Task description:
The entries below are to be repeated exactly, with the pictures left out.

Provided records:
----------------

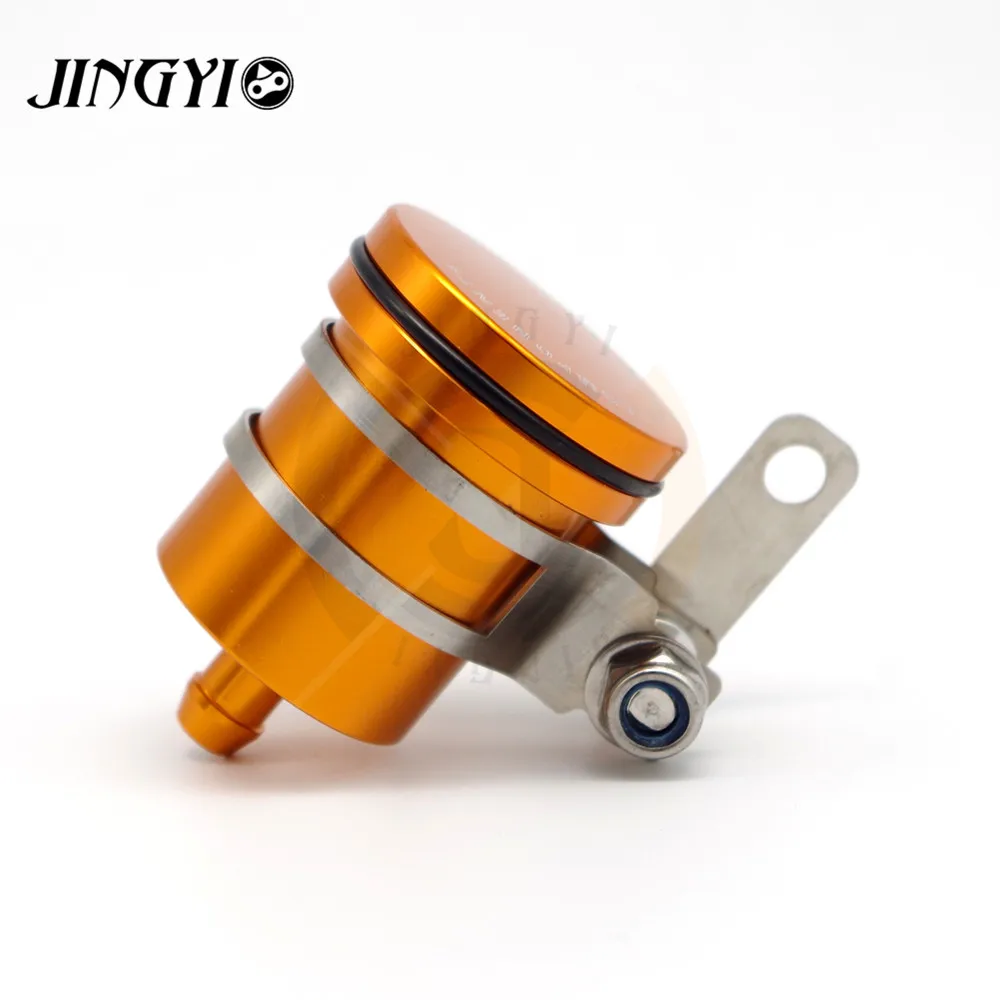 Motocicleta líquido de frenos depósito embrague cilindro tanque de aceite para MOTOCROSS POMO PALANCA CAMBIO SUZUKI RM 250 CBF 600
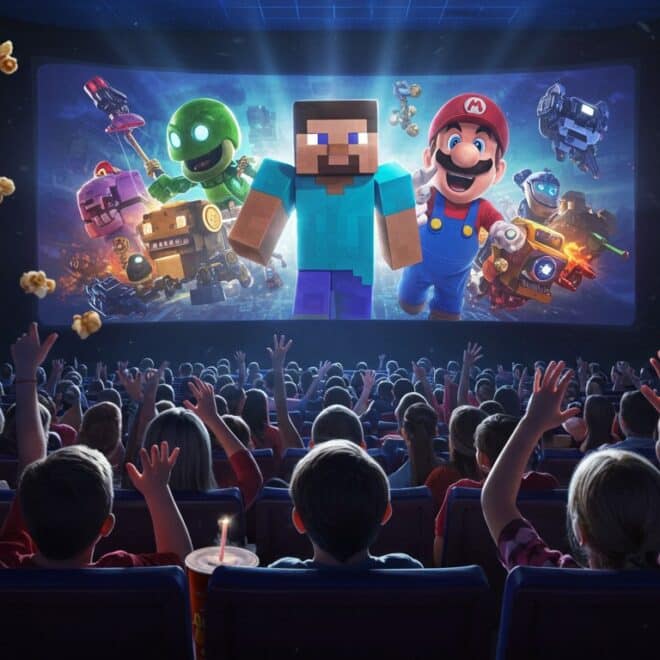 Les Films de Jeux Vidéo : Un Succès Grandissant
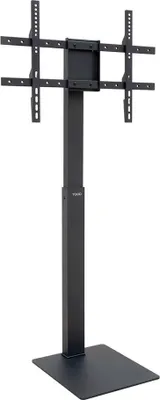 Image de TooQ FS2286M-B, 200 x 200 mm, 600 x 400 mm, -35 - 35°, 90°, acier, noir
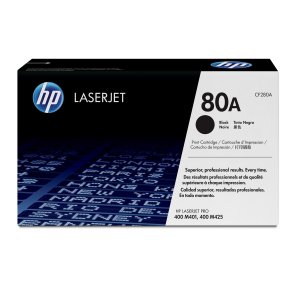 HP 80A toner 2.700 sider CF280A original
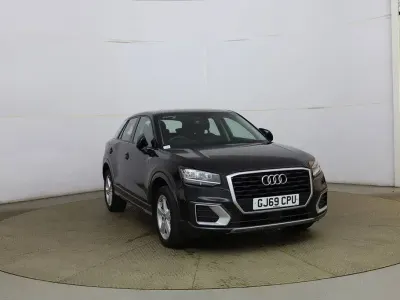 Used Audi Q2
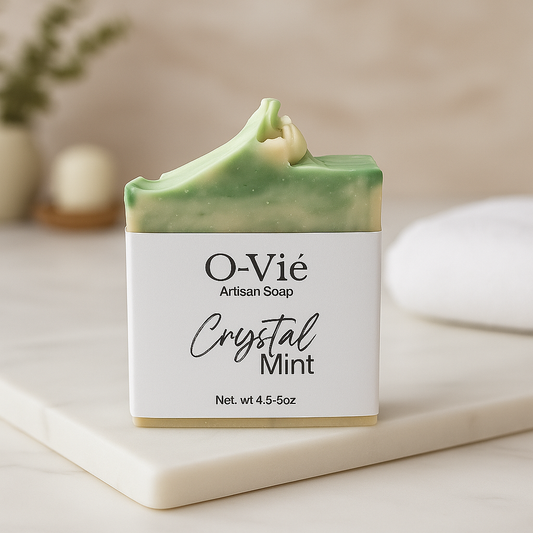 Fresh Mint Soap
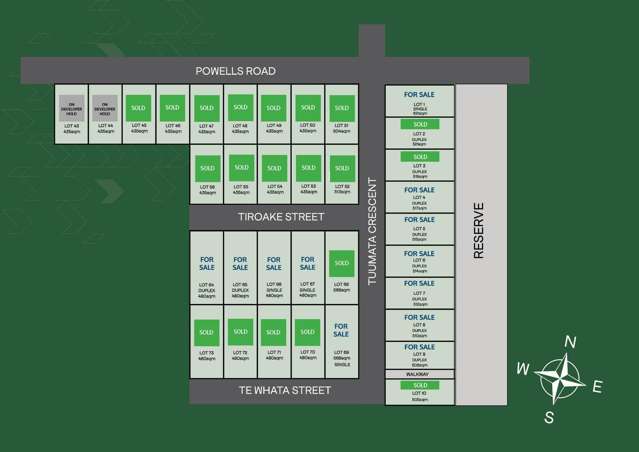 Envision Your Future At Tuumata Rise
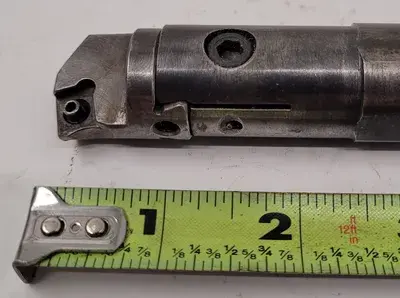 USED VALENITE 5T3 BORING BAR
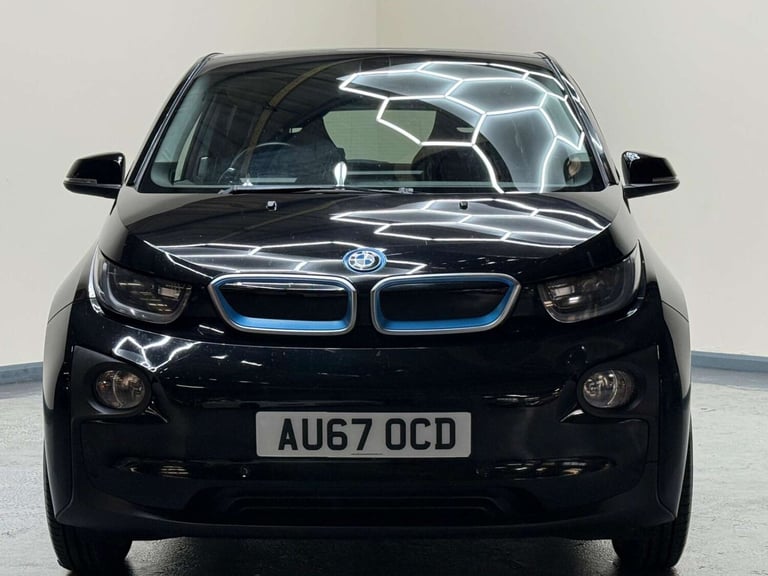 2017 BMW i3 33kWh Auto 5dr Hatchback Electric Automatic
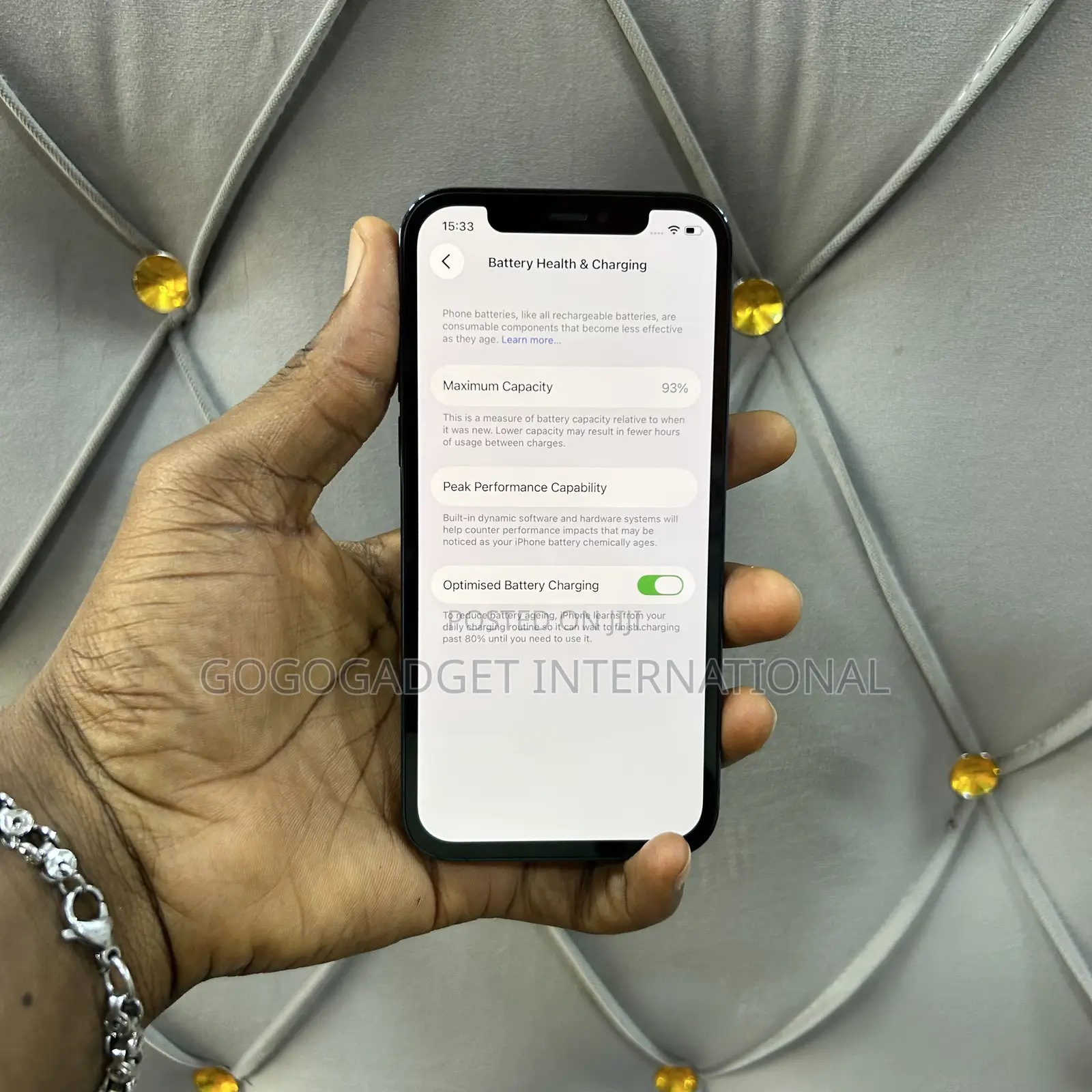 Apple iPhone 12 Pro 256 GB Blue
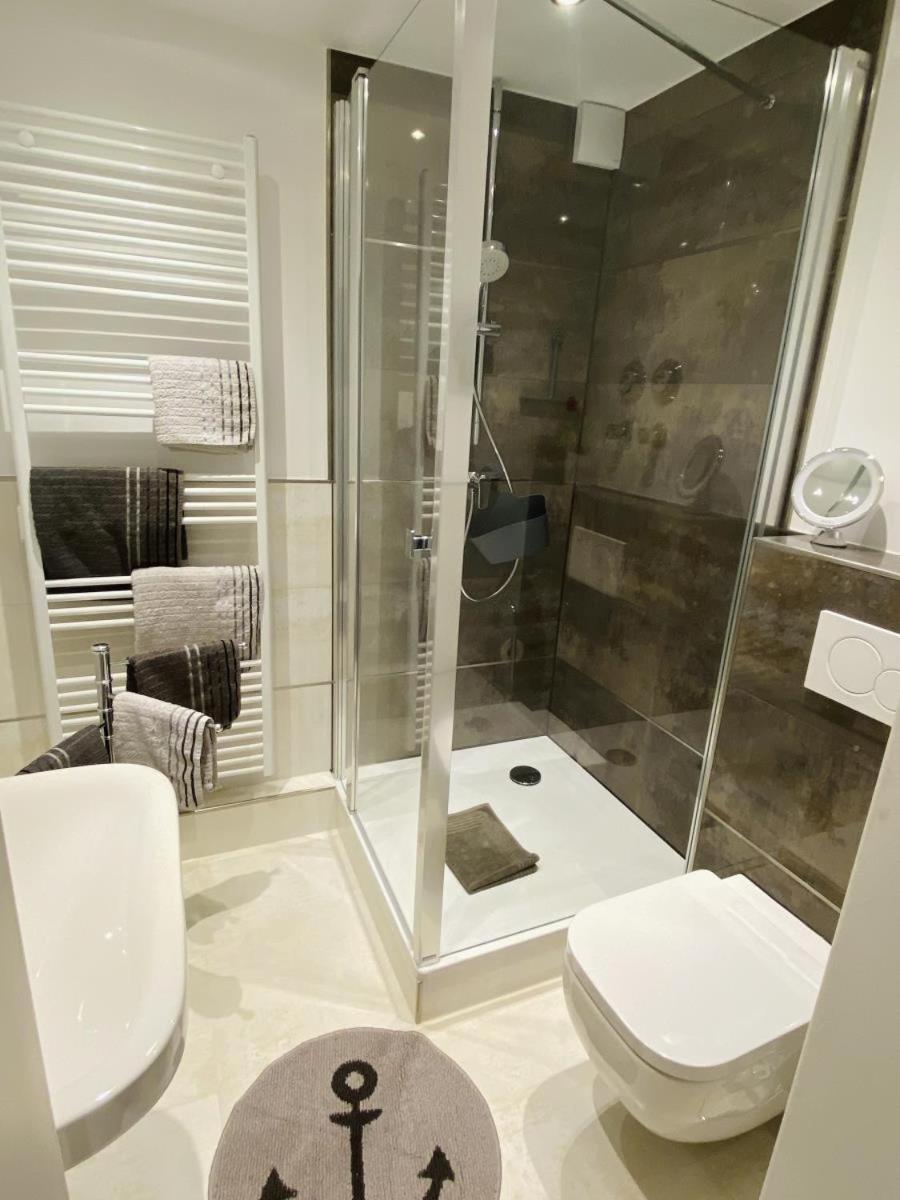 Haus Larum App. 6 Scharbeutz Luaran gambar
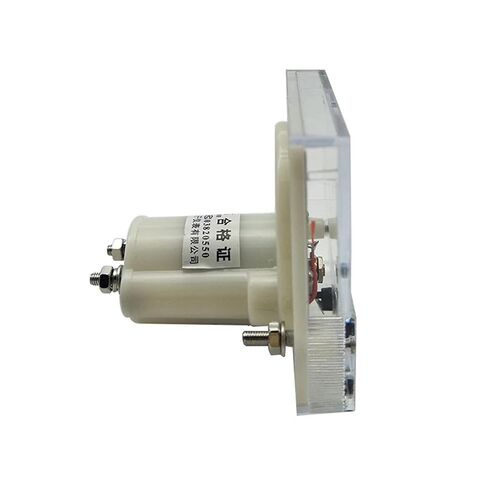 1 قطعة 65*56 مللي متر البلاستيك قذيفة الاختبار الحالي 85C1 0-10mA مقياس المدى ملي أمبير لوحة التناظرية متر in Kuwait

----------------

Answer space:
 Motocicleta líquido de frenos depósito embrague cilindro tanque de aceite para MOTOCROSS POMO PALANCA CAMBIO SUZUKI RM 250 CBF 600
 Les Films de Jeux Vidéo : Un Succès Grandissant
 Image de TooQ FS2286M-B, 200 x 200 mm, 600 x 400 mm, -35 - 35°, 90°, acier, noir
 HP 80A toner 2.700 sider CF280A original
 Used Audi Q2
 Fresh Mint Soap
 Envision Your Future At Tuumata Rise
 USED VALENITE 5T3 BORING BAR
 2017 BMW i3 33kWh Auto 5dr Hatchback Electric Automatic
 Apple iPhone 12 Pro 256 GB Blue
 Haus Larum App. 6 Scharbeutz Luaran gambar
 1 قطعة 65*56 مللي متر البلاستيك قذيفة الاختبار الحالي 85C1 0-10mA مقياس المدى ملي أمبير لوحة التناظرية متر in Kuwait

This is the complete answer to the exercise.